[size=14pt]Passengers desert ferries[/size]
[size=8pt]Besser, Transport Reporter - Sydney Morning Herald[/size]
July 11, 2007
SYDNEY'S ferries are ailing and the Manly service is high on the sick list: the number of people using it has plummeted by more than 110,000 passenger trips in three years as commuters abandon the city's harbour icons.
The man appointed to investigate an overhaul of the Sydney Ferries Corporation, Bret Walker, SC, has revealed the dire state of the Circular Quay to Manly service, including its spiralling cost. While the corporation spent more than $40.5 million on this route alone in the past financial year, up substantially from $34.6 million in 2004-05, patronage on the Manly service has fallen substantially.
An internal draft of the corporation's Fleet Replacement Strategy shows the ferries travelling across the harbour are usually only half-full. There has been a decline in the use of both the Freshwater Class ferry and the JetCat, but it is the fast commuter service that has suffered a more marked downturn of 5.6 per cent.

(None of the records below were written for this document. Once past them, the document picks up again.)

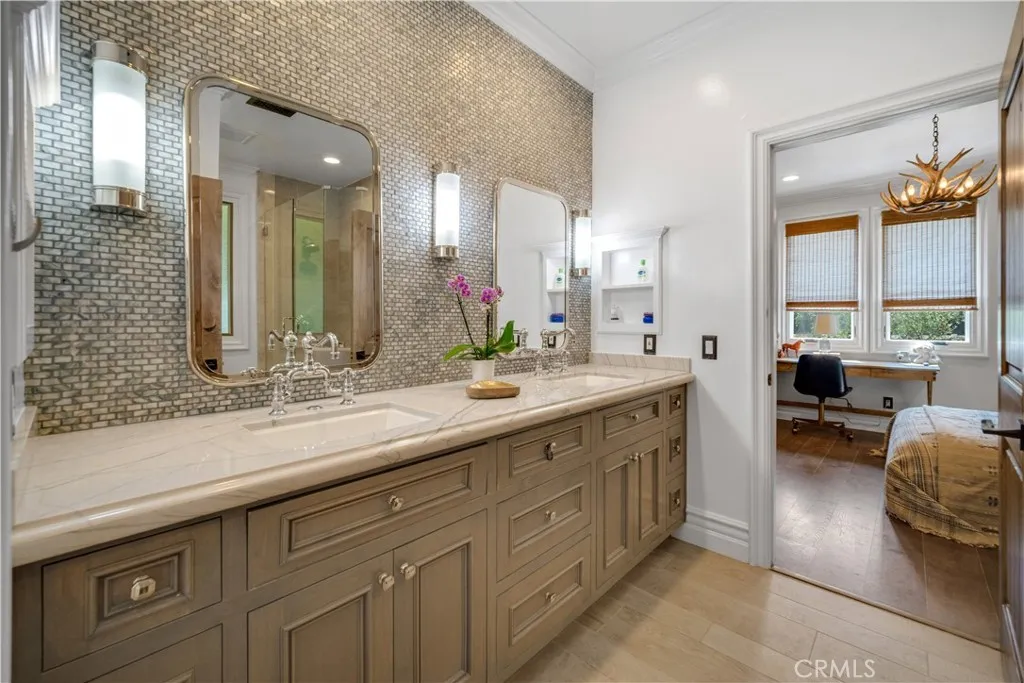 5558 Hoback Glen Road, Hidden Hills, California 91302 home-pic-28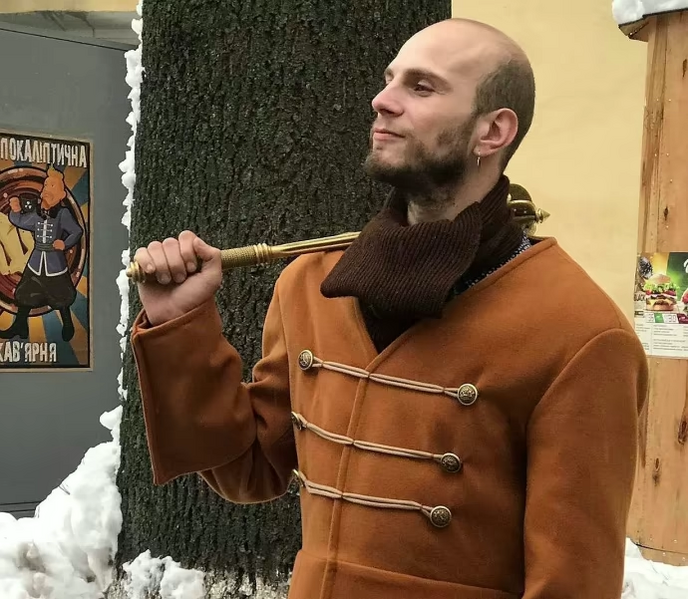 Файл:Непийпиво Максим 3.png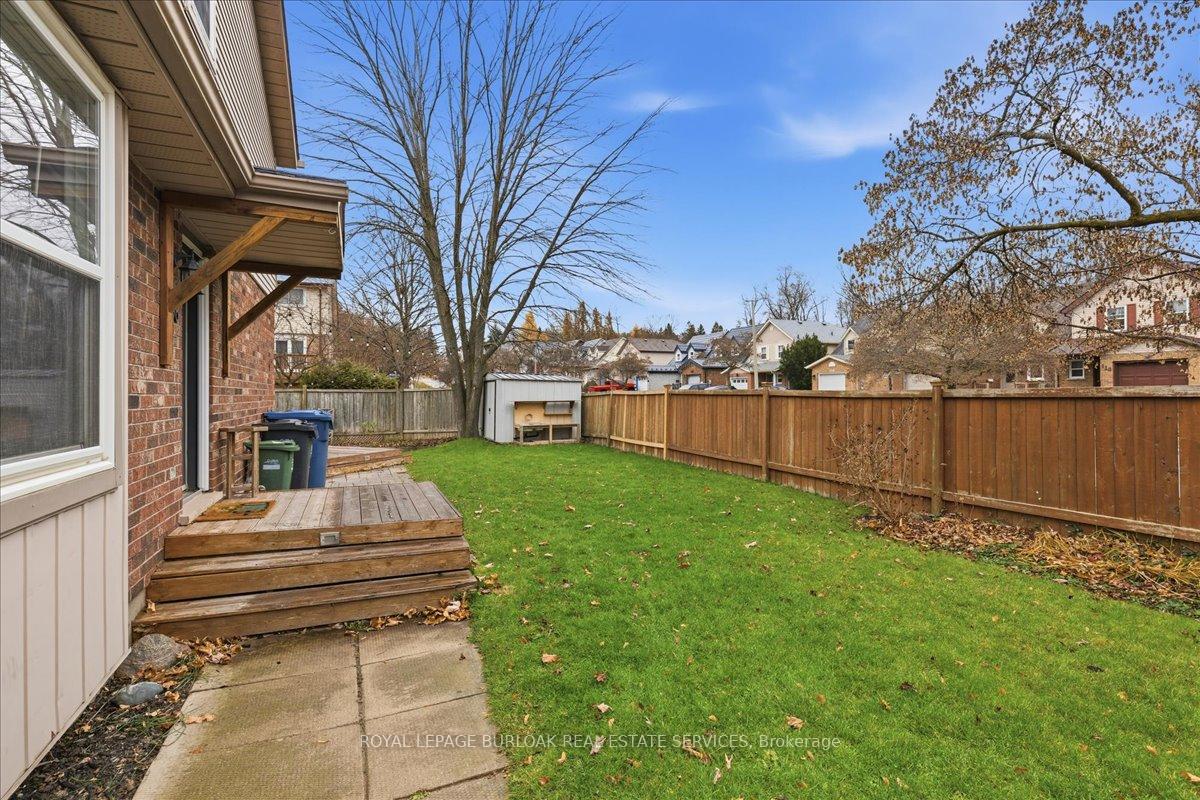 Photo 3 of 98 Grandridge Crescent, Guelph, Willow West/Sugarbush/West Acres — HOMEH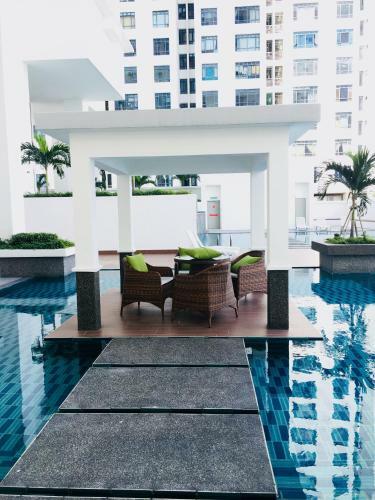 Hostal Pinnacle Tower @ Feel Suites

Overall ferry patronage has declined by almost 1 million passengers since 2001.
The Manly ferry ran at a cost of $4.90 per passenger during 2006-07, but JetCat costs soared to $15 per passenger, making it "one of the highest cost passenger journeys provided by Sydney Ferries", Mr Walker said.
Mr Walker was appointed by the State Government to head a special commission of inquiry into Sydney's ferries after the deaths of five people in two separate ferry accidents in January and March. Separate inquiries were launched into both incidents.
Behind the scenes the service has been plagued by problems. Its ageing fleet is in need of replacement and has not been perfectly maintained, and there have been rostering problems, inadequate training and below best-practice management, a transport safety report found last year. Costs have ballooned 46 per cent in the past six years, but revenue fell 14 per cent.
In April, the availability of ferries and JetCats to service Manly - 74 per cent and 63 per cent respectively - fell to below the minimum required before services are affected. Since February, these figures have been well below the corporation's target range. In May, customer complaints were four times higher than the organisation's own target.
Mr Walker will attend a public forum in Harbord later this month to hear northern beaches locals talk about the importance of the service to them.
The Mayor of Manly, Peter Macdonald, said he suspected the inquiry was part of a campaign by the Government to privatise the loss-making ferry service. "It worries me. If it gets into private hands, it may well be there are steep increases in ticket prices, [and] when you privatise a service, an operator will discard less profitable schedules."
The state MP for Manly, Mike Baird, a Liberal, said he would support partial privatisation if service conditions were improved. "There's no doubt that Sydney Ferries needs to be reformed."
A Sydney Ferries spokesman, Kai Ianssen, said the organisation could not comment broadly on the Manly service while the inquiry was under way. He said the operating costs for the JetCats in 2006-07 were affected by periodic planned maintenance.